Il Pedro è un concentrato di sbandati, di amici incondizionati. Ci parliamo, ci seguiamo su Instagram e poi non ci parleremo mai più, mangiamo la pizza migliore del mondo all’interno del centro sociale, siamo tristi alla fine del primo giorno. Mi sento una persona normale, un impiegato qualsiasi, alla fine di un giorno di ordinaria follia. Ho come la sensazione che quella di Dischi Sotterranei sarà la mia vacanza obbligata: il Primavera Sound in estate, due giorni chiuso al Pedro d’inverno.

Secondo giorno. Jesse The Faccio, immenso profeta vestito da cugino sfigato, Michele Novak alla chitarra sul palco con lui dopo l’assenza, sentitissima da molti che alzavano cori in suo favore, Roncea che non era molto a fuoco con il resto della festa, ma è stato così godibile che mi sono scolato due birre solo durante il suo set, Baobab! e il progetto più raffinato del roster, la follia di Vinnie Marakas, l’annuncio dei C+C=Maxigross nel roster e il set più bello del mondo, Dead Cells Corporation che mi sono sorpreso non venisse giù qualsiasi cosa, Ulisse Schiavo che è il nostro James Blake.

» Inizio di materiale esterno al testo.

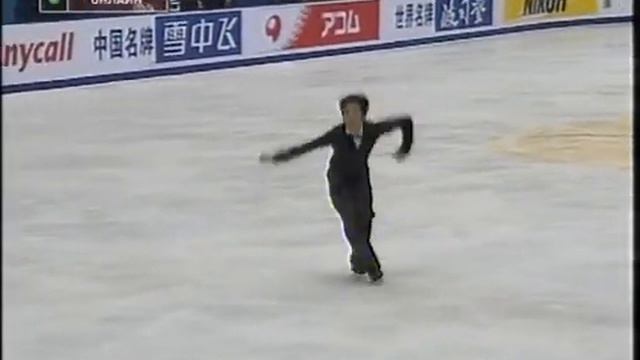Nobunari ODA Cup of China 2009 LP смотреть онлайн
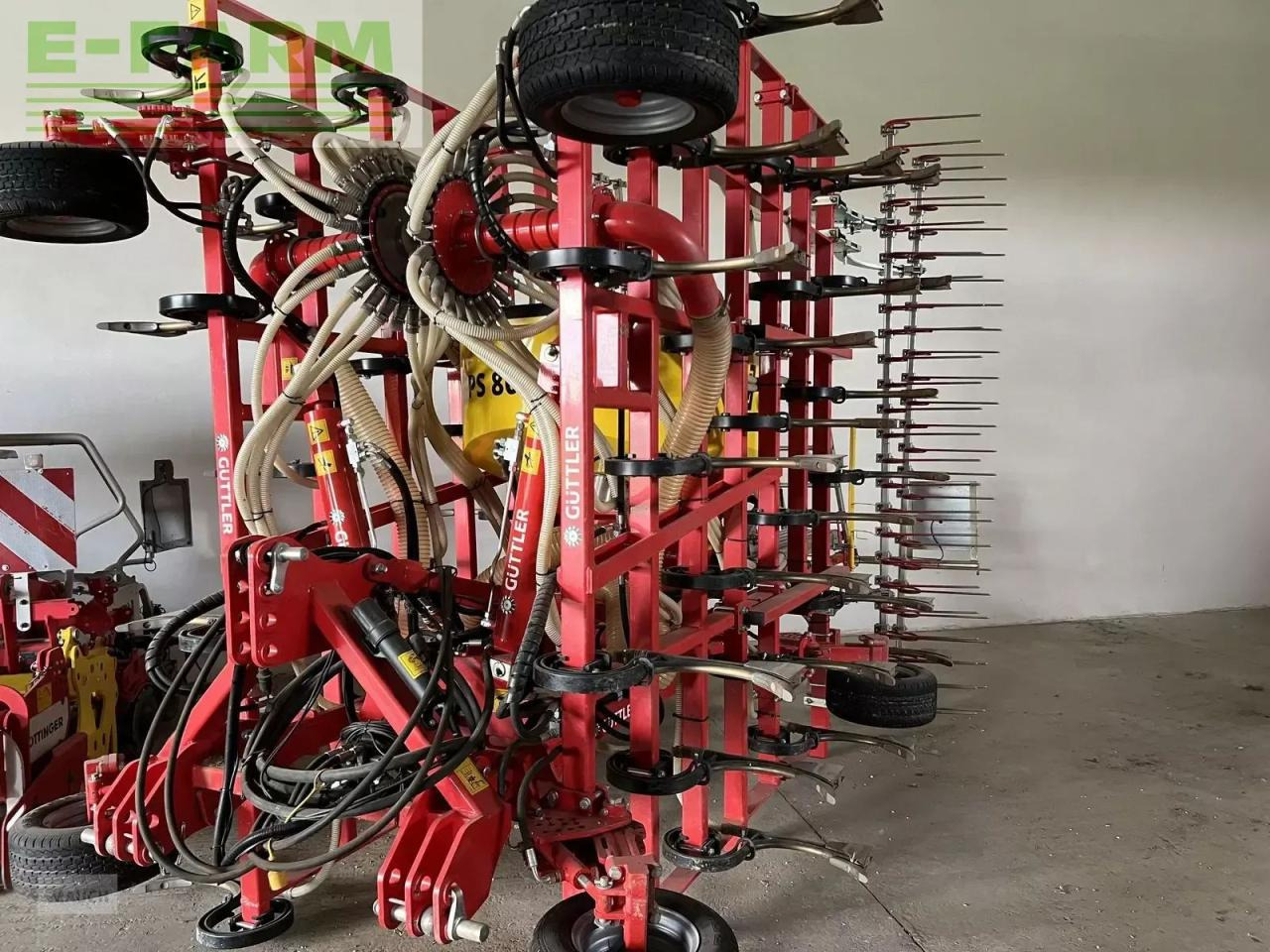 Güttler güttler supermaxx 60-7 bio - Kultivator: billede 1 Güttler güttler supermaxx 60-7 bio - Kultivator: billede 1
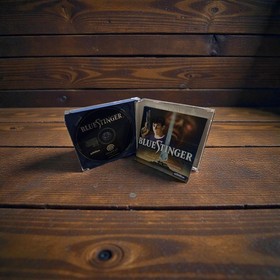 Blue Stinger Dreamcast PAL Complete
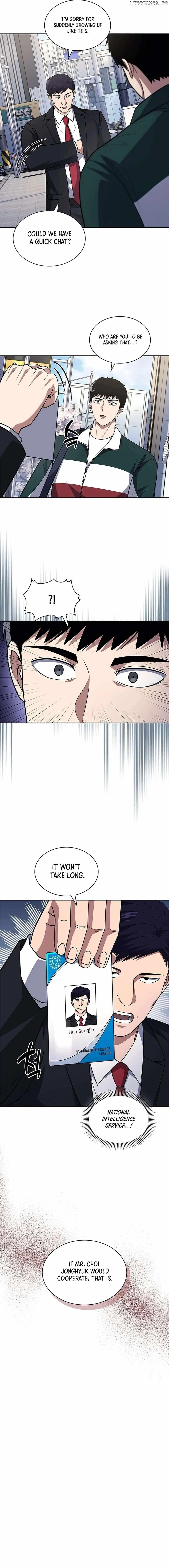 Reset Life Of Regression Police Chapter 84 - Page 10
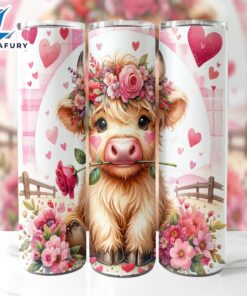 Country Valentine Highland Cow 20…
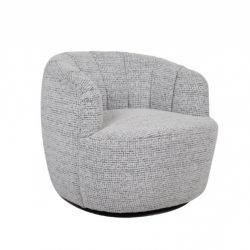 Кресло поворотное VTR- Верона (Снежный графит)   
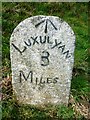 Old Milestone south of Bodelva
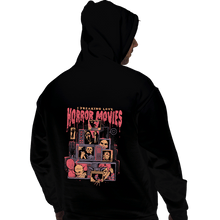 Load image into Gallery viewer, Shirts Pullover Hoodies, Unisex / Small / Black Horror Movies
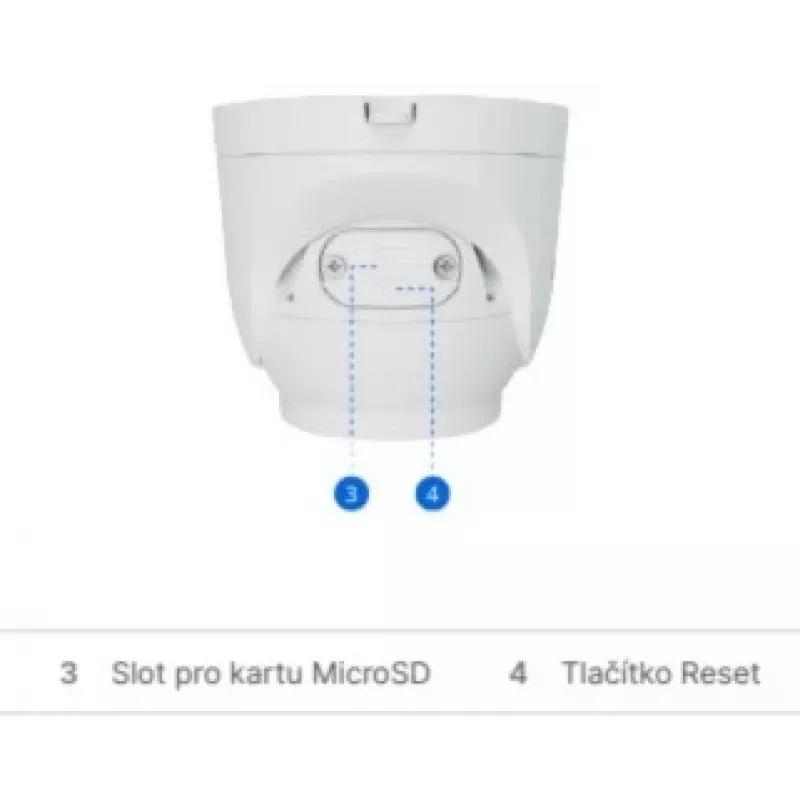 Synology TC500 bezpečnostná kamera turret IP kamerový systém interiér & exteriér 2880 x 1620 pixelov strop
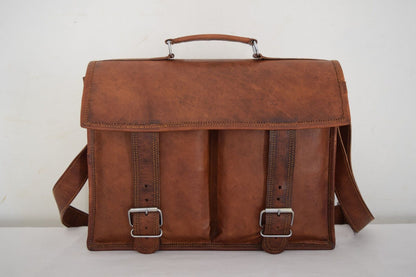The Lawyer Laptop by Classy Leather Bags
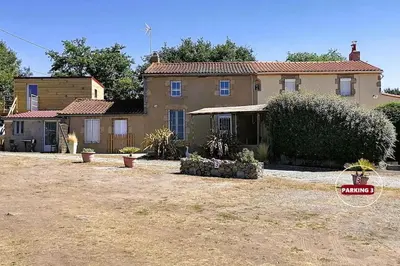 Bâtiment de la maison de vacances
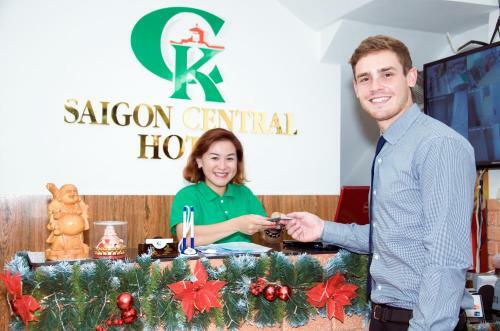 Ck Saigon Central Hotel (Former Is Big Mama Hotel)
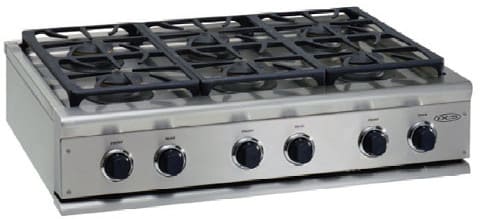 burner propane burners cooktop inch disclaimer gas ajmadison griddle sealed dcs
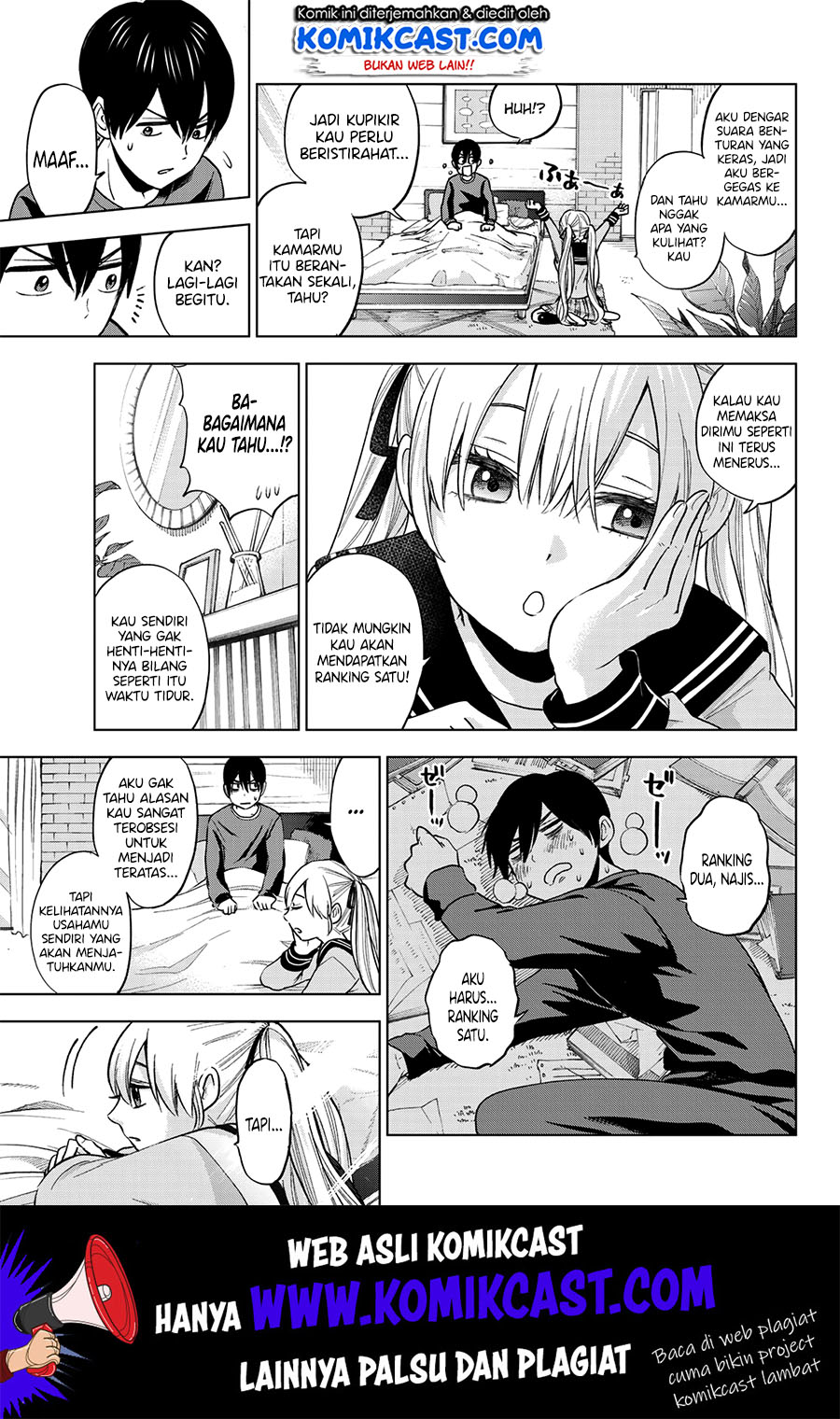 The Cuckoos Fiancee Chapter 5 Halaman 14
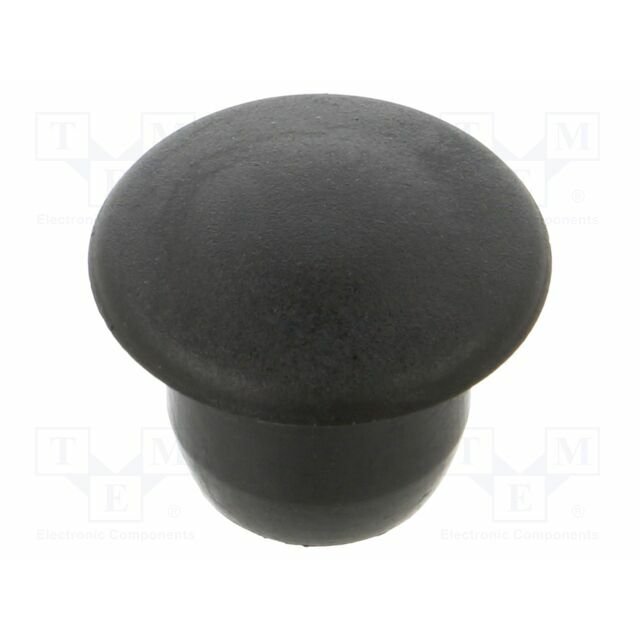 ESSENTRA Stopper; H: 9mm; push-in; Flange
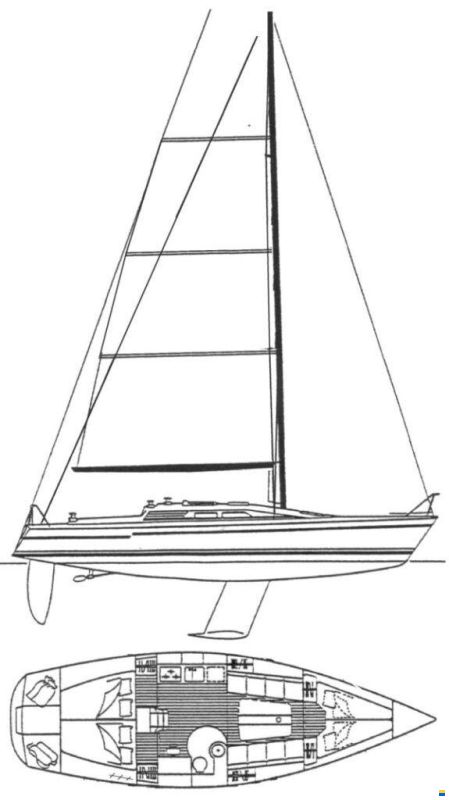 Dehler 36 Match Race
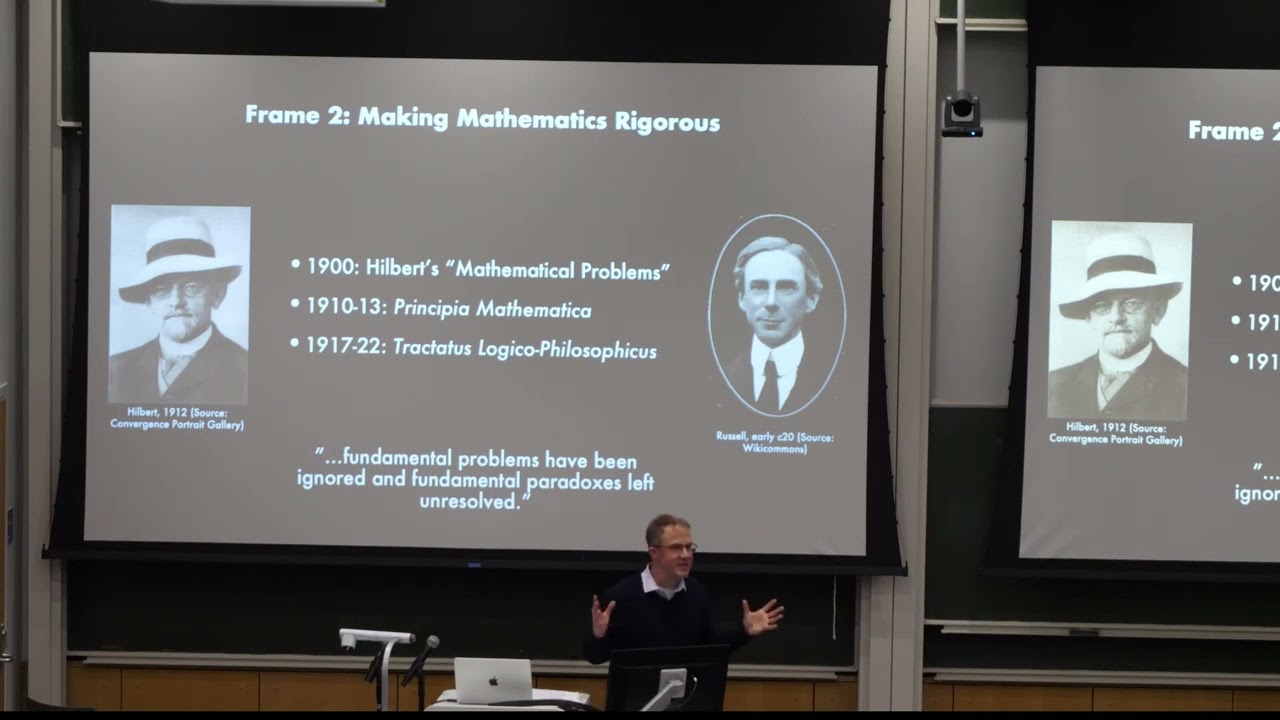 100th Anniversary of Fischer Paper Seminar
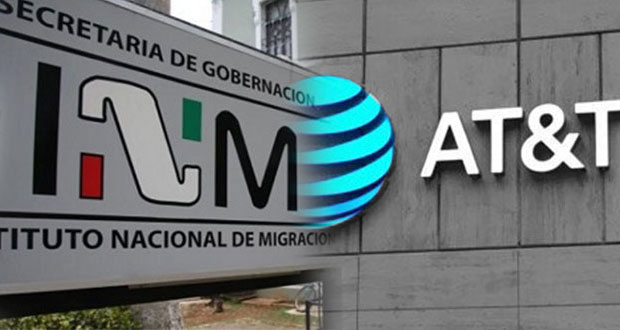 INM y AT&T conectarán gratis a migrantes con sus familias
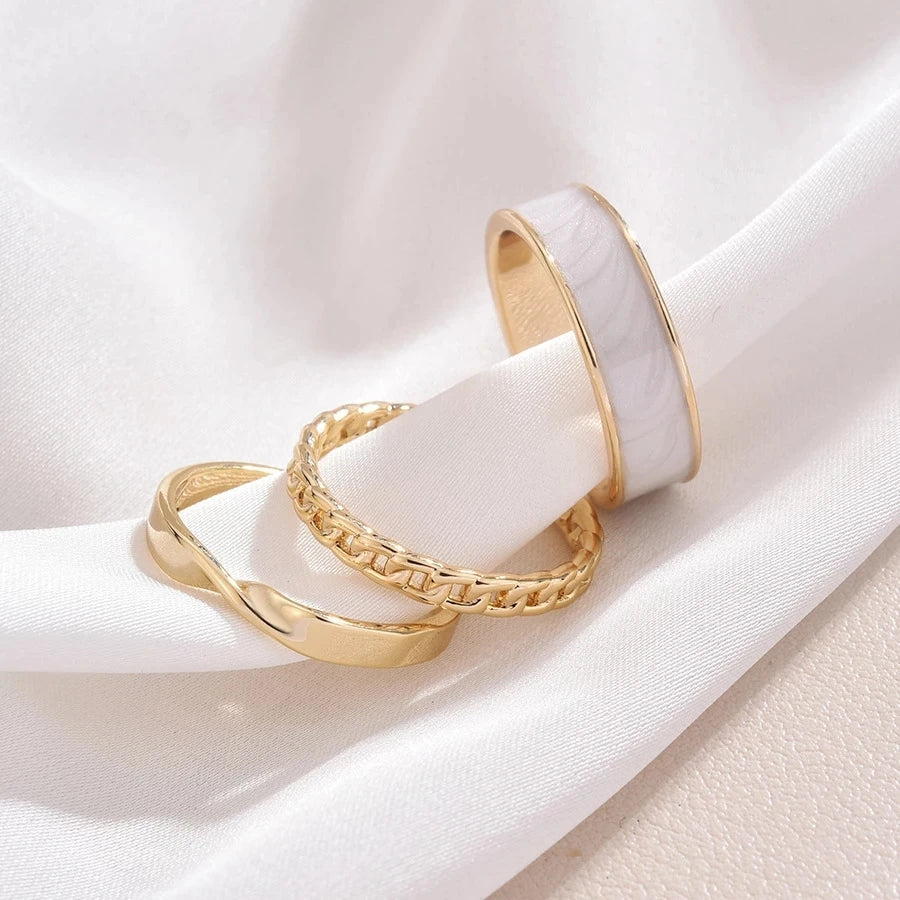 Simple Hiphop Finger Ring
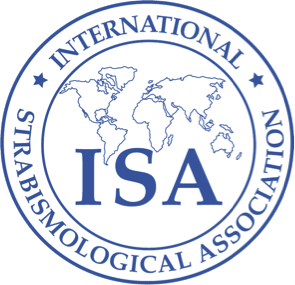 logo for International Strabismological Association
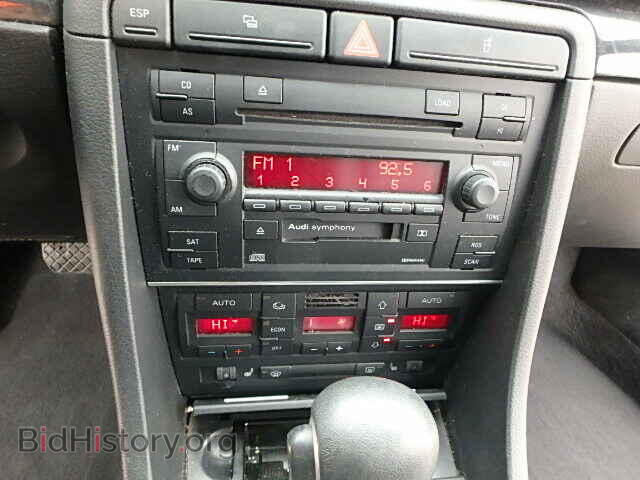 2005 AUDI A4 - VIN: WAULC68E95A122765 - Фото 9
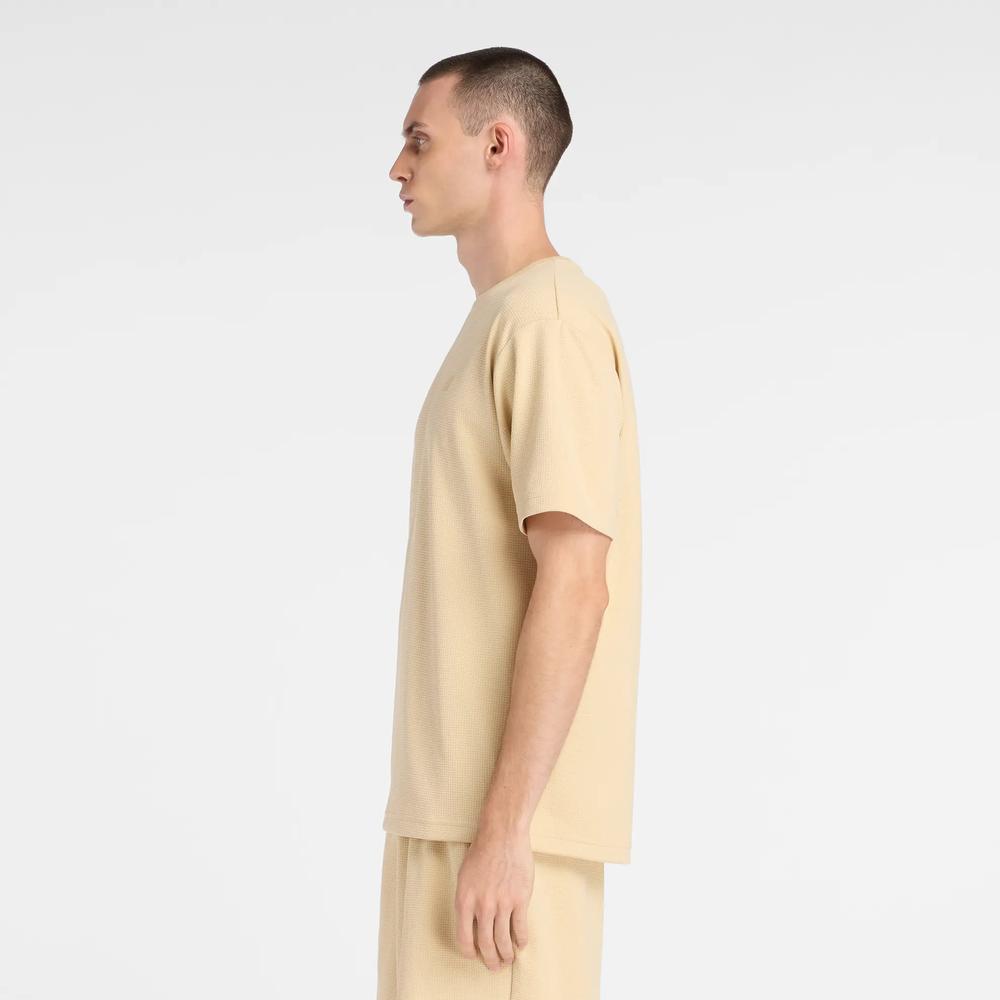 Koszulka męska New Balance MT6100FRABC - żółta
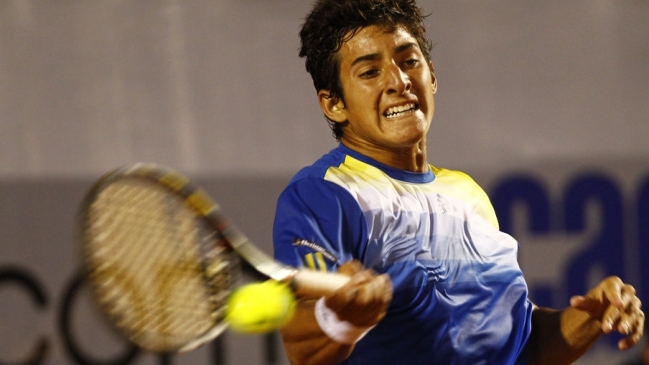 Christian Garín demostró que tiene futuro en peleada derrota ante Jeremy Chardy Christian Garín demostró que tiene futuro en peleada derrota ante Jeremy Chardy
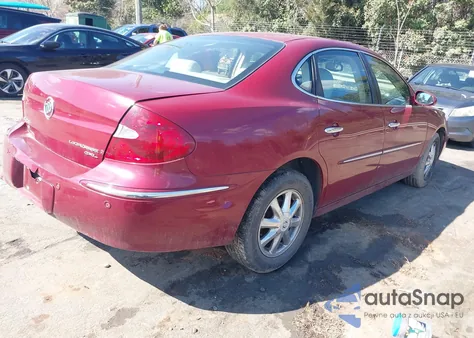 2005 Buick Lacrosse Cxl из США, поврежденный, VIN 2G4WD532151306592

Ammetto che ci sono stati diversi cambi di line up e mi sono perso ad una certa, non riuscivo più a capire cosa sarebbe successo di lì a poco, ma ad una certa non me ne è più importato. É stato bello ritrovarmi i Planet Opal quando non li aspettavo, o forse avrei dovuto ma ero ubriaco, i Dead Cells Corporation quando invece mi aspettavo il pogo dell’anno scorso con gli Halley DNA e via così. Sono stato rapito, assorbito, confuso, metaforicamente picchiato. Ed è stato bellissimo, anche quest’anno.

Sarà così dura tornare indietro ora.